Some of the deceased, like Anna Nicole Smith, made the list primarily because they had managed to become incredibly wealthy in very public and unusual ways. However, they will be remembered mostly for having wasted their youth, health, and fortunes in incredibly foolish and sad ways. For that, they will, most likely, be remembered longer than the doctors and scientists.
Others, like opera singer Luciano Pavarotti, television mogul Merv Griffin, and author Kurt Vonnegut, made the list, not because of their money (even though they had tons of it), but because their lives were spent entertaining us all, spreading untold joy and pleasure around the world. Who hasn't thrilled to the golden tones of a Pavarotti aria, or whiled away countless hours matching wits with contestants on "Jeopardy" and "Wheel of Fortune?" And if you haven't read "Cat's Cradle," well, your education, not to mention your laugh-out-loud quotient, is sorely lacking. Fortunately, for all of us, each of these famous individuals left behind a body of work that will continue to entertain and educate for generations to come.
So, do you have to be famous, or talented, or publicly humiliated to be remembered?

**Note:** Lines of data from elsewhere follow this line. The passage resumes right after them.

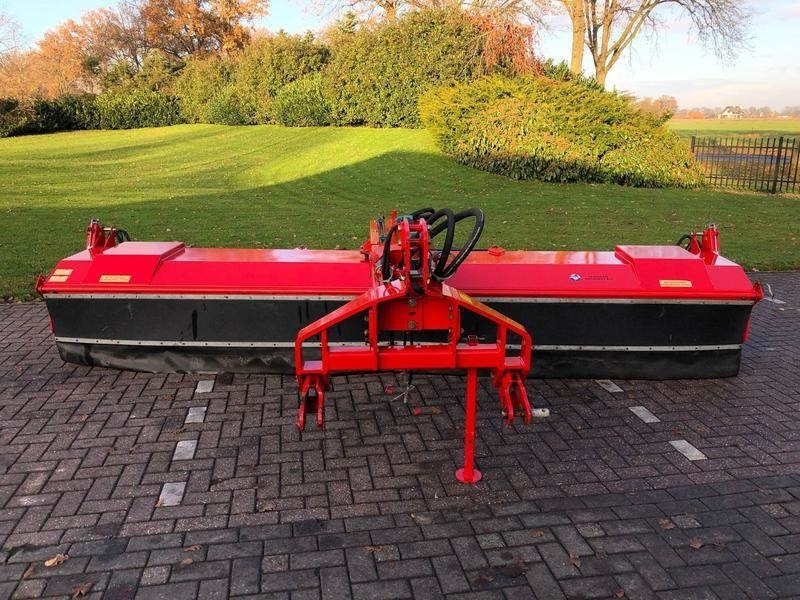 Dücker SFK 4500 veegmachine - Mower: picture 5 Dücker SFK 4500 veegmachine - Mower: picture 5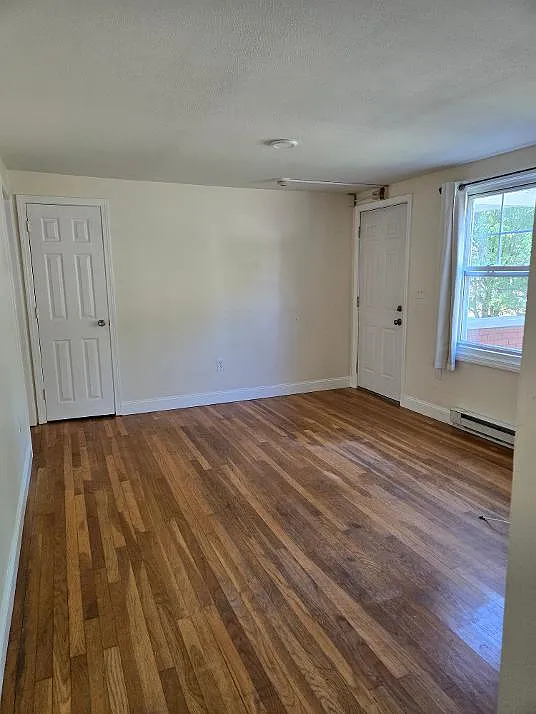 3 bed, 858 sqft, $1,785 — Photo 4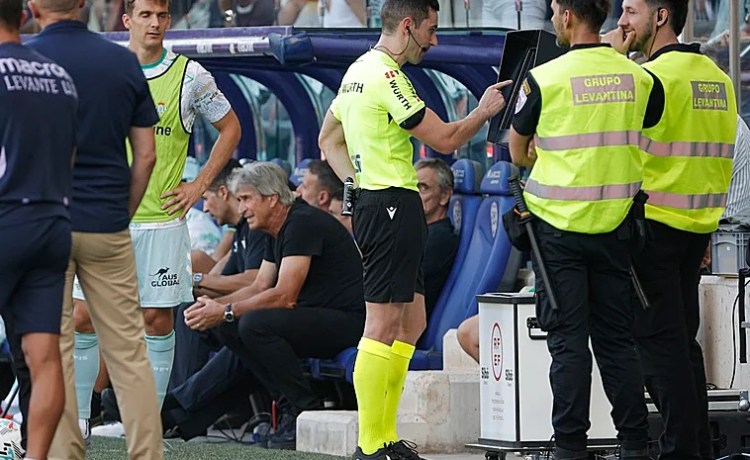 Junior replica al VAR y al CTA: «Podrían revisar que el chico tiene actitud de engañar al árbitro» Junior replica al VAR y al CTA: «Podrían revisar que el chico tiene actitud de engañar al árbitro»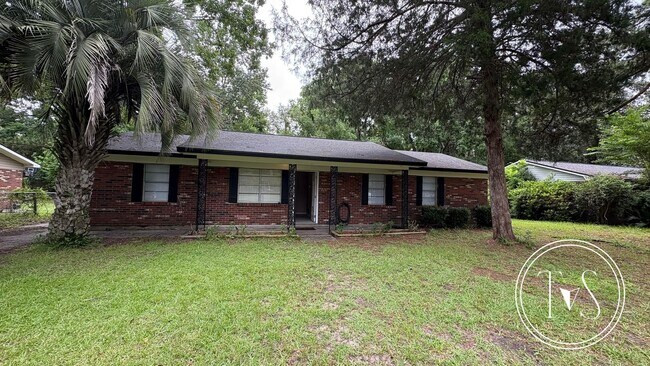 Building Photo - RATE DROP ALERT (was $2000/month) & SUMMER...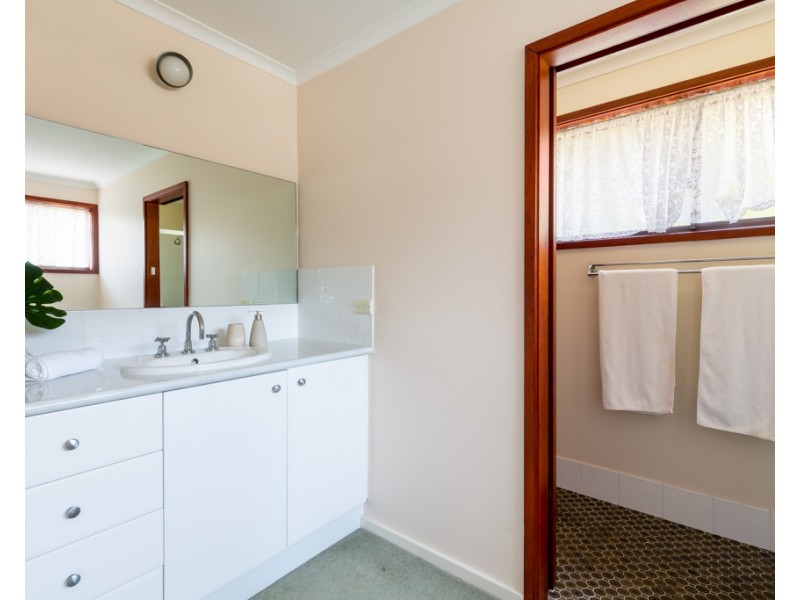 19 Nesbitt Close, Kotara NSW 2289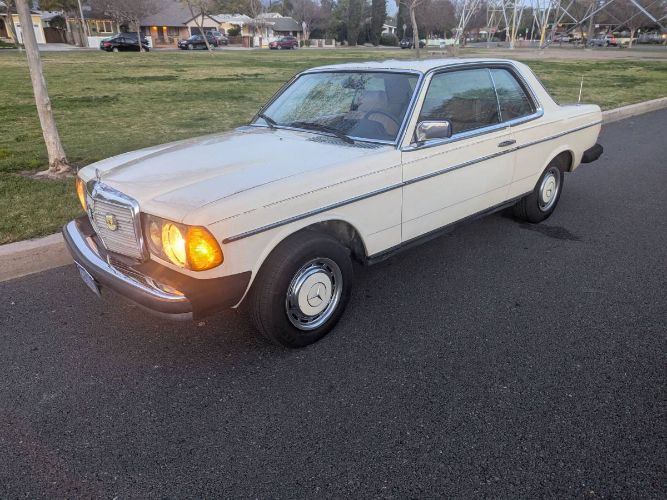 Mercedes-benz-300cd-1982-Yellow-1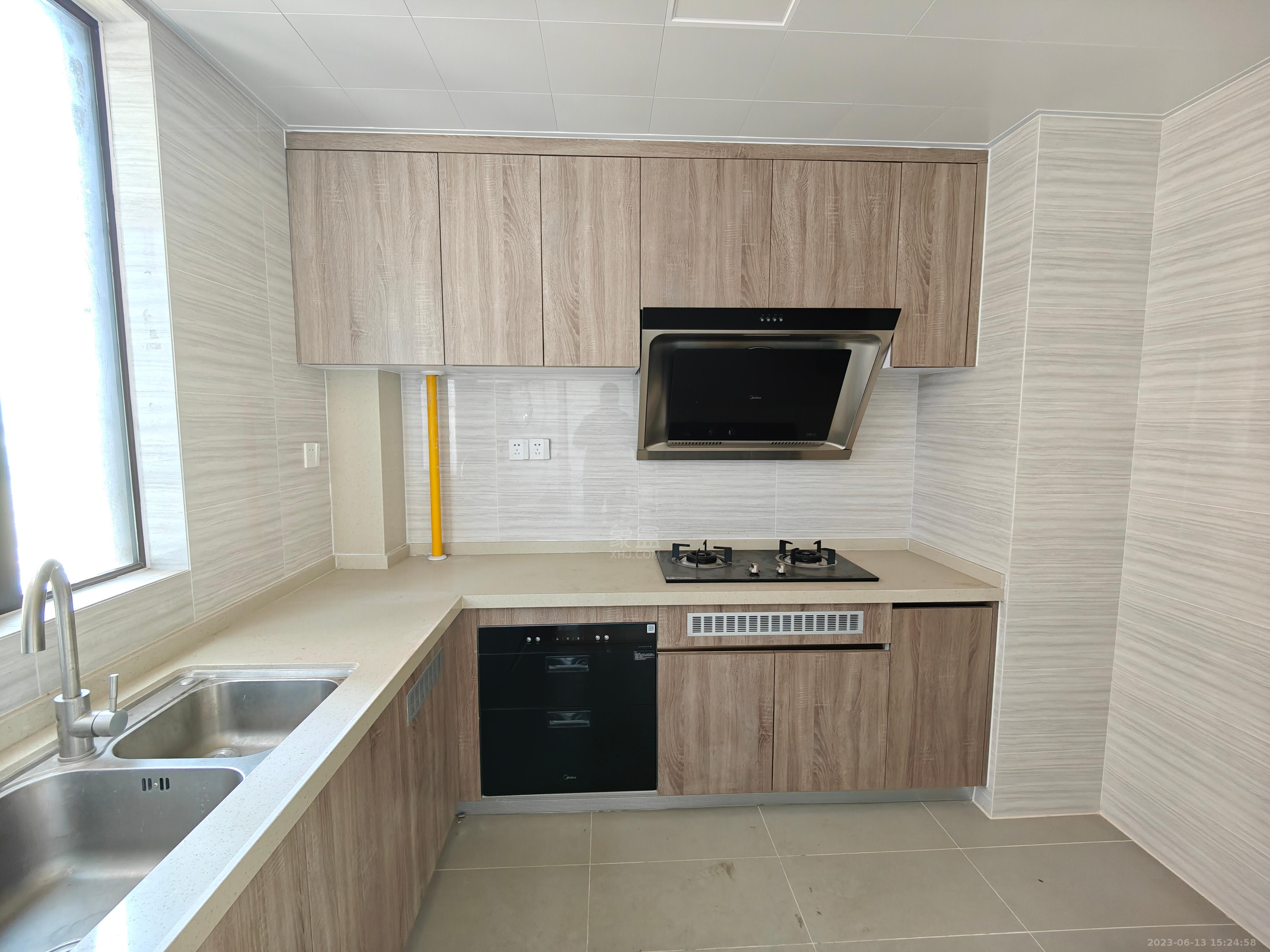 蓝溪谷 3室2厅2卫 1900.0元/月 蓝溪谷 3室2厅2卫 1900.0元/月室内图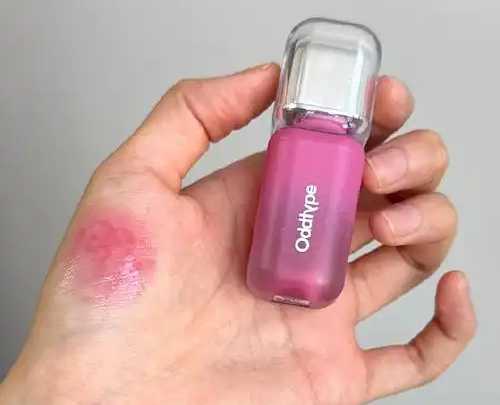 使用唇蜜后需要擦掉吗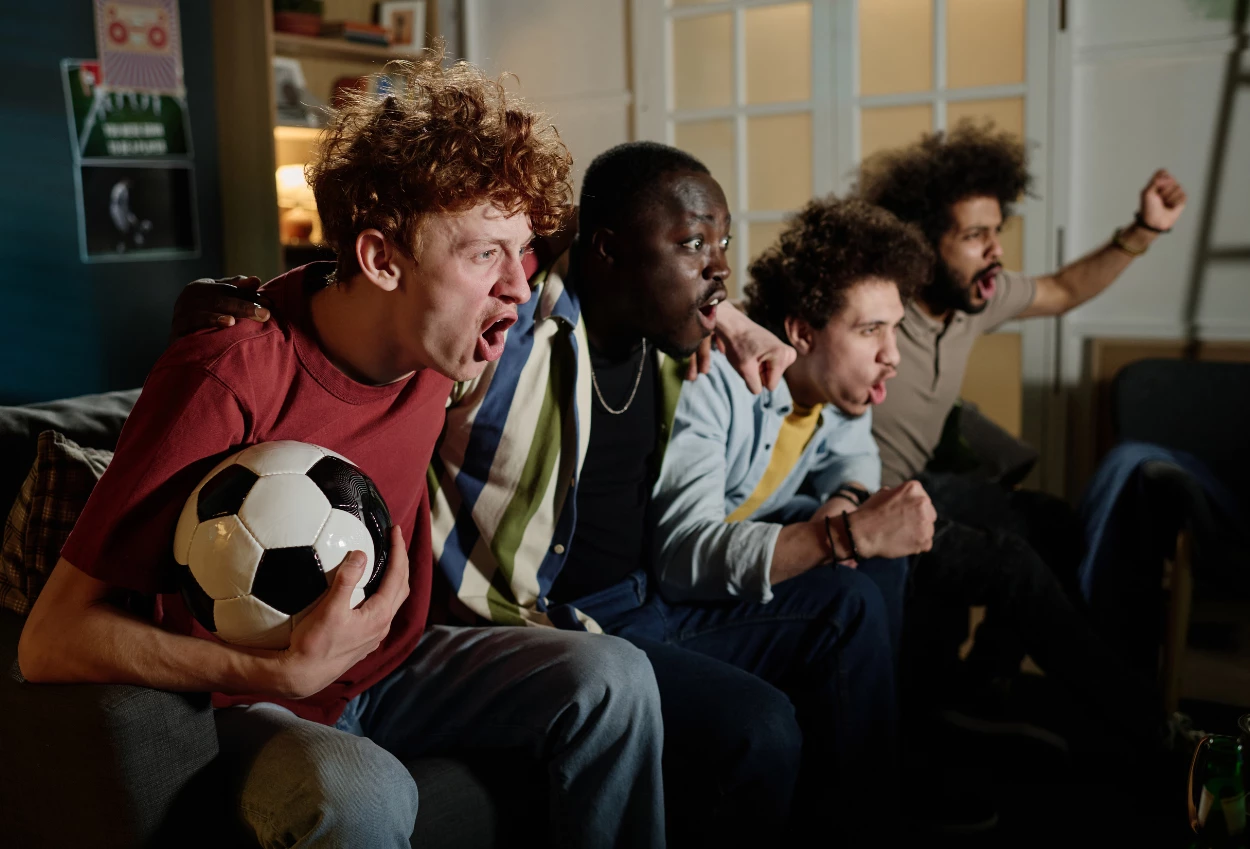 Cara Nonton Bola Malam Hari Tanpa Ganggu Pola Tidur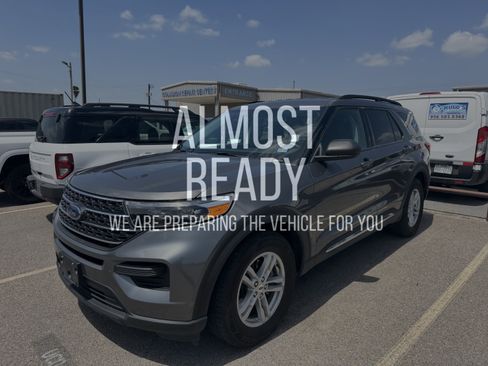 Certified 2024 Ford Explorer XLT RWD image 2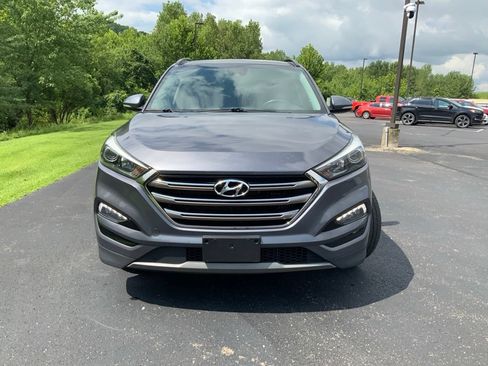 Used 2016 Hyundai Tucson Limited w/ Option Group 03 AWD/4WD image 4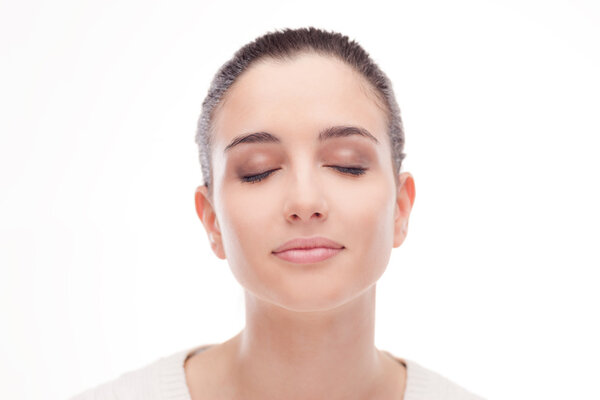 Молодая женщина улыбается и позирует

Or can just anybody leave a legacy? For that matter, what is a legacy? Is it just being remembered by someone for something? Or does it have to be more special than that? Is it something we all should aspire to, or not even bother with?
Webster defines a legacy, first of all, as "money or property left behind in a will." That's something we all could aspire to, but it leaves me with a sort of "so what" feeling. Anybody can make money. And that "legacy" can quickly disappear in the hands of careless or unscrupulous or just unlucky descendants. So, why do so many of us devote our whole lives to pursuing it?
The second definition of legacy: "something resulting from or left behind by an action, event, or person" - I find much more intriguing and inspiring.
I want to leave a legacy of family traditions, inside jokes, and bits of homegrown wisdom that will be passed down through generations of my family. My great Aunt Sarah's recipe for Sour Cream Sugar Cookies, my mother's stories about growing up dirt-poor on a farm in Northern Michigan, and my father-in-law's silly puns, endlessly repeated - those are more of a legacy to my children than any amount of money. And no one can "spend" them foolishly or fritter them away on a gamble.
All they can do is pass them down, so generations yet unborn will know they have a proud and precious heritage. Knowing they belong to something bigger than themselves - now that's a legacy.